The proposal, discussed at recent Gary Common Council budget hearings, includes salary increases for some key personnel, staff reductions, and bottom line budget decreases in the police and fire departments that leaders say aim not to disrupt public safety.
The city’s proposed 2021 budget includes $55 million in the General Fund, $9.6 million to cover fire and police pensions, and $23.8 million to fund the operations of the police and fire departments and their respective civil service commissions, records provided to the Gary Common Council show.
The mayor’s chief of staff, Arlene Colvin, who also acting city controller, said she anticipates a revenue shortfall of about $3 million next year, taking into account an increase in projected property tax collections.
But she hopes additional cuts will bring that down to $500,000.
The proposed Gary Police Department salary budget comes with significant cuts — from $9.6 million to $8.4 million. Much of that is due to the city paying for 15 patrol positions out of another fund to reduce the burden on the city’s General Fund, and eliminating 15 other patrolmen positions.
Nine patrol positions are open and have the option of being filled.
Colvin said the administration is trying to balance overtime needs with a realistic hiring timeline due to pending retirements and other factors.
“We’ve left some openings so they can add additional officers, not a whole lot, and replace retirees. We’re trying to balance all of that … I know it’s not ideal but probably best come up with,” Colvin said to the Gary Common Council during this week’s budget hearings at City Hall.

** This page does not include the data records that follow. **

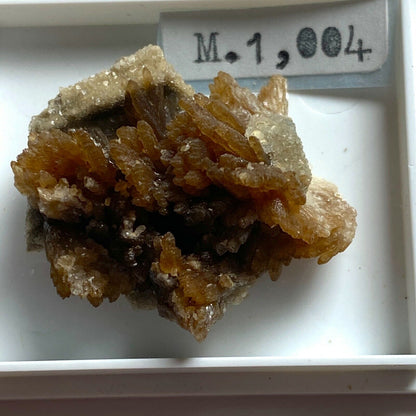 BRITISH MINERAL SPECIMENS x 5 MF6414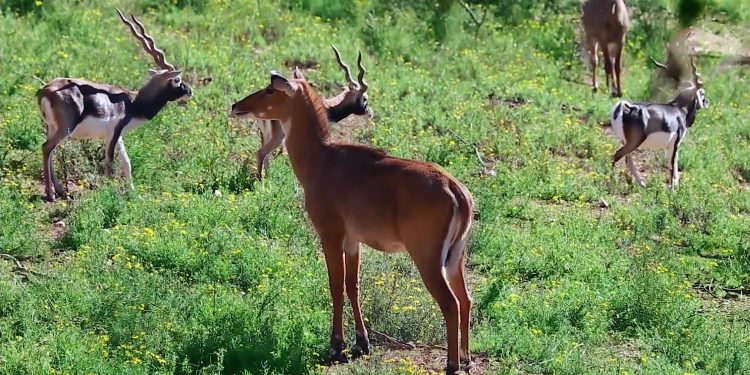 blackbucks in Odisha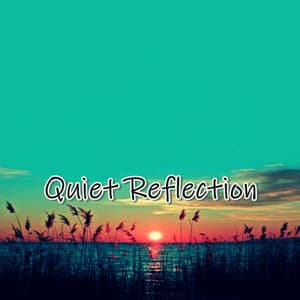 Calm Waters - DiDi One Beats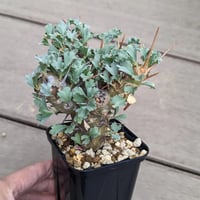 モンソニア　クラシカウレ（サルコカウロン）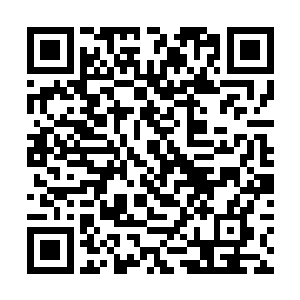 一岁后韩风就开始在韩家书阁和武技阁中大量的阅读二维码生成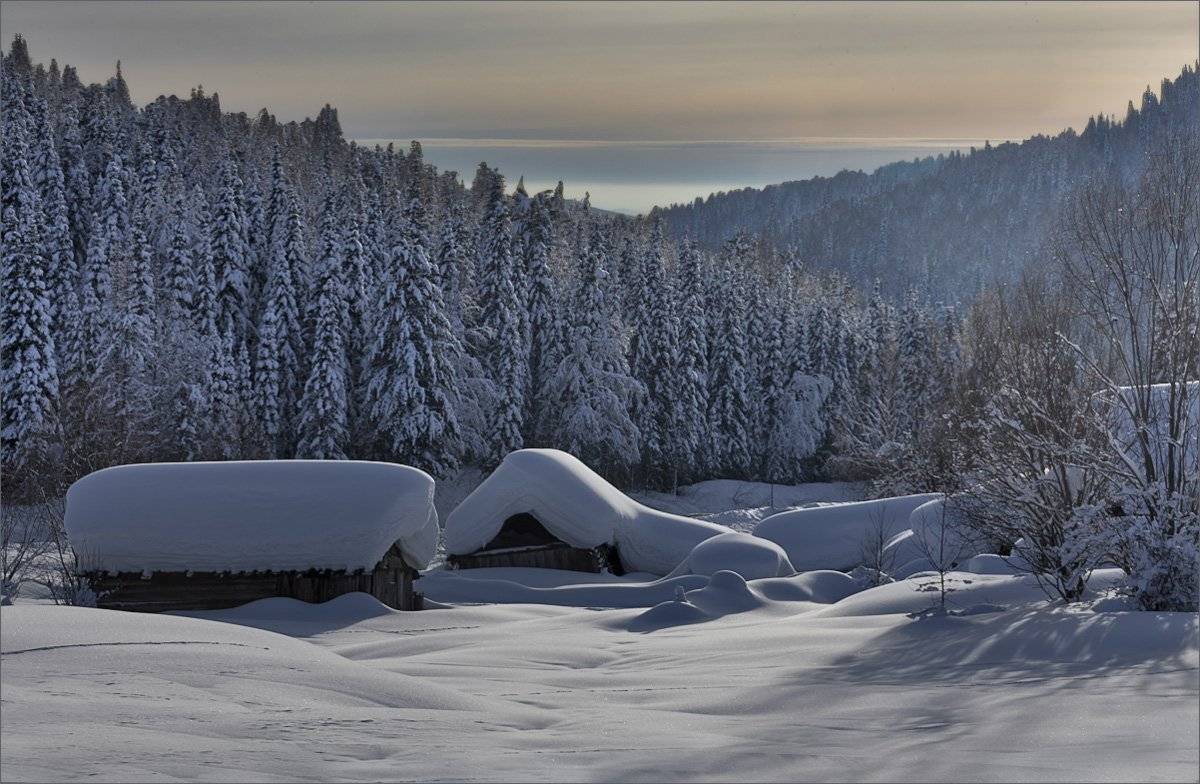 , Александр Гусаков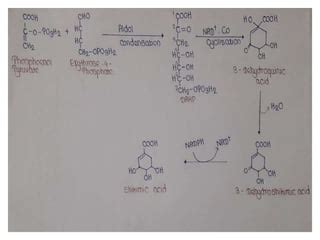 Shikimic acid pathway | PPT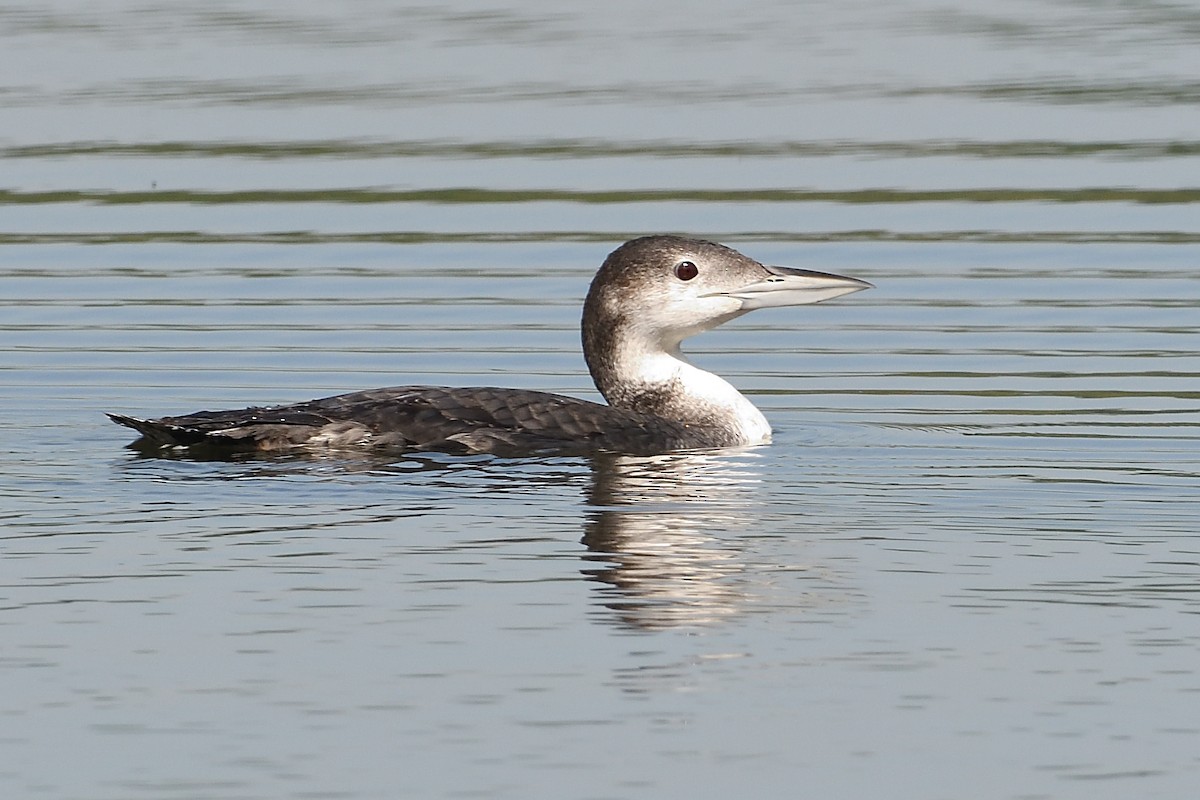 Common Loon - Barry Blust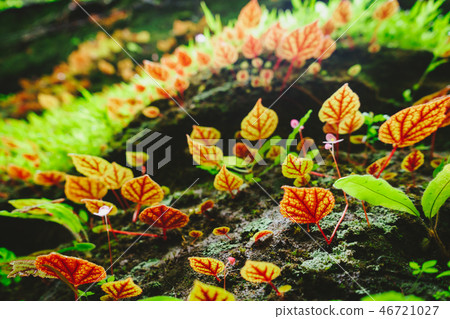 Begonia leaves or Begoniaceae in the rainforest. Begonia leaves or Begoniaceae in the rainforest. 46721027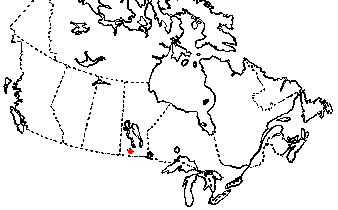Map of Prairie Skink in Canada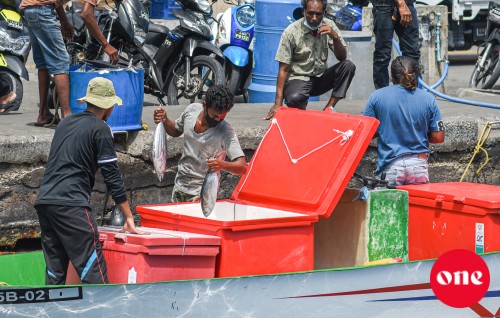 Mas ganna agu 25 rufiyaa ah bodukohffi, maadhamaain feshigen gannaane mi agugai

For many years now, the police department has always been budgeted for about 200 officers, though the headcount, in actuality, has hovered anywhere from 160 to 175 in recent years.
The city’s fire department budget is being reduced from $9.3 million to just over $8 million; however, some council members questioned if the administration is underestimating the need for overtime in 2021.
Year-to-date, the fire department has spent $1.1 million in overtime in 2020, but only budgeted $500,000 for next year, according to city staff.
“What’s the contingency plan?” Council President William Godwin, D-1st, said.
Fire Chief Sean O’Donnell said by converting some positions, he hopes to hire as many as 20 firefighters next year, which he says should lead to an reduction in overtime costs.
Perhaps the largest salary increase in the budget is for Eric Reaves, executive director for Community Investment. Reaves also is senior adviser to mayor Prince, and has headed up the parks department on an interim basis since April.
Reaves, as head of Community Investment, oversees department heads in zoning, planning, economic development, and code enforcement. He also oversees data and analytics.
The administration is proposing a pay hike from $70,000 to $90,000 for Reaves’ community investment leader role.
This year, Reaves received $30,000 for leading the parks department, too, which amounts to a little less than half the parks superintendent’s typical annual salary.
“But I don’t intend to stay in this (parks) position past December,” Reaves said, who noted his executive assistant is shadowing him to learn the role and will be a strong candidate when the city begins its search for a new parks superintendent.
While many departments’ budget bottom lines remained unchanged from last year, several include salary increases for key staff made possible by job elimination and other adjustments.
The Common Council’s proposed $470,624 budget includes cost-of-living salary increases from $28,727 to $30,163 for all council members, while eliminating a $6,000 intern position. The officer manager salary is decreasing by $2,880 to $45,000.
Per state statute, the city must present a budget by the state’s Nov. 1 deadline.